NEW YORK, Sept 18 (Reuters) - U.S. antitrust enforcers
are on guard against anticompetitive behavior in the artificial
intelligence sector as part of the Trump administration's plan
to cement U.S. AI dominance, a Department of Justice official
said in New York on Thursday.
Protecting competition in the industry supports innovation,
Assistant Attorney General Gail Slater said at a conference at
Fordham University, signaling that President Donald Trump's
antitrust enforcers are looking out for anticompetitive conduct
and consolidation.
"The competitive dynamics of each layer of the AI stack and
how they interrelate, with a particular eye towards exclusionary
behavior that forecloses access to key inputs and distribution
channels, are legitimate areas for antitrust inquiry," she said.

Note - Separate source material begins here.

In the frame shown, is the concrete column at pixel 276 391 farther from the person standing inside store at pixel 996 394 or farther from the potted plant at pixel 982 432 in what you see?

Access to data is one area the DOJ will monitor, Slater said. A
judge in Washington recently ordered Alphabet's Google
to share some of its search data with competitors including AI
companies, in order to boost competition with its online search
engine. Google has said it will appeal.
Slater said that demand for data could drive mergers or
business combinations between companies and their suppliers,
known as vertical integration, "especially in industries where
downstream businesses may have access to valuable and sensitive
data like healthcare data."
"We may also increasingly see the desire to acquire data, or
to deprive rivals of data, play a role in driving transactions,"
she said.
Slater also said that open source AI models can boost
competition, something Trump's AI action plan envisioned as a
way to spread American technology.
"Of course, a truly open-source model must be one that is
not unilaterally maintained by a single vendor that exerts
unwarranted influence and impose restrictions," she said.
Antitrust enforcers during President Joe Biden's administration
expressed similar concerns about AI competition, and scrutinized
Big Tech partnerships with AI startups.